Antihistamines are a type of medication that can temporarily block the effects of histamines in the body that are released in response to allergens.
Pets can have allergies to things that are inhaled like pollens, grasses, ragweed, trees, etc. This is called atopy.
Spring and summer are usually the worst months for cats with seasonal allergies, but especially July, August, and September.
In cats, allergies may show up as sneezing, coughing, wheezing or redness (inflammation) and hair loss on the ears, and pruritic (itchy) skin.
Even indoor cats are exposed to outdoor allergens. Every time somebody opens a door to enter or exit your home, (or to sign for a delivery or order Girl Scout cookies) some air gets in.
If your cat is affected by seasonal allergies, keep all windows shut during spring and summer.
Food allergies are different, as the method of treatment is to find out what specifically the cat is allergic to (usually this requires a 3 month food trial), and then to permanently remove the offending food ingredient from the cat’s diet.
Antihistamines will not treat food allergies.
Cats can be allergic to wool. If your cat is experiencing hair loss and lays on wool blankets, try taking the wool out of the house and see if that makes a difference.
Cats can be allergic to pine. If you use pine litter, try switching to a clumping clay litter.
How do you know if your cat has allergies? What if it’s not allergies, what if it’s something else?
There are so many different things cats can have that may cause your cat to show similar symptoms: feline herpes, asthma, hairballs, eosinophilic granuloma complex, rodent ulcers, ringworm, bug bites, external parasites, etc.
The real cause of the symptoms can only be determined by your veterinarian and in some cases a different type of medication may be required.
Diphenhydramine (Benadryl) is one that works well for dogs, but is the not best choice for cats.
Here are the 2 most effective over the counter antihistamines for cats.
Only give medications to your cat if instructed to by your veterinarian.
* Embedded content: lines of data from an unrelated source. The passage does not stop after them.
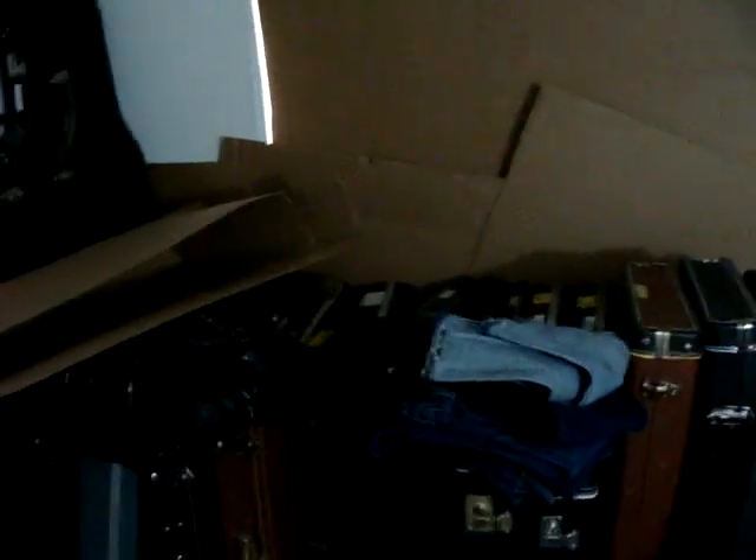This is the room that had all the guitars in it. Since I've been selling them, it's gotten down to this many.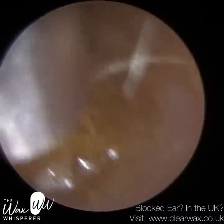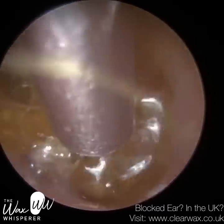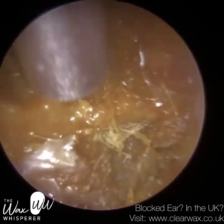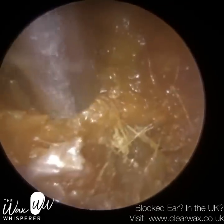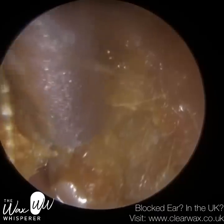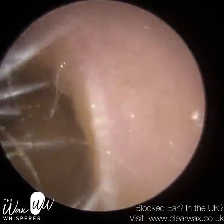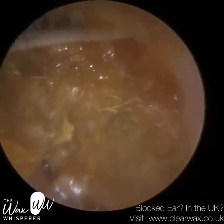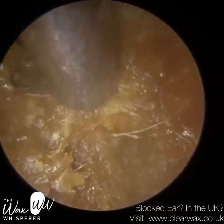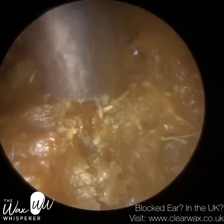I've just put some more oil in and I'm performing the procedure whilst it's in situ. Previously I'd allow the oil to sit for a few minutes then have the patient tilt their head so it drizzles out. But performing the procedure whilst the oil is in situ is far more effective. The slight difficulty is that the oil gets vacuumed up the tube and causes blurring, so I need to come back out, wipe the endoscope lens, and re-enter the ear.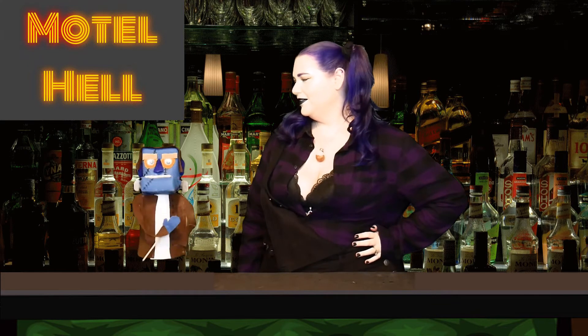Welcome to another episode of Gore Movie Cocktails with Aunt Gore. I'm Aunt Gore, and joining me today is Farmer Vincent's favorite farm animal, Frankie. I swear to the toe god, if I'm buried in the ground at the end of this, I quit. As you might have already guessed, today we are making treats based on the 1980 horror classic, Motel Hell. Seriously, please don't bury me.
Antihistamines may interact with other medications, so they may not be appropriate for your cat.
Over the counter means a prescription is not required. Find these products in any pharmacy or grocery store, and also online.
Antihistamines may be suggested for cats in place of a heavy sedative for traveling, as a known side effect of antihistamines is drowsiness.
The dosing below is the same whether antihistamines are being used for allergies or traveling.
Chlorpheniramine maleate (Chlor-Trimeton) 4 mg tablets
Give ½ tablet by mouth every 12-24 hours.
Make sure that Chlorpheniramine maleate is the only active ingredient listed.
Cetirizine (Zyrtec) 10 mg tablets
Give 1/2 tablet by mouth every 12-24 hours.
Make sure that Cetirizine is the only active ingredient listed.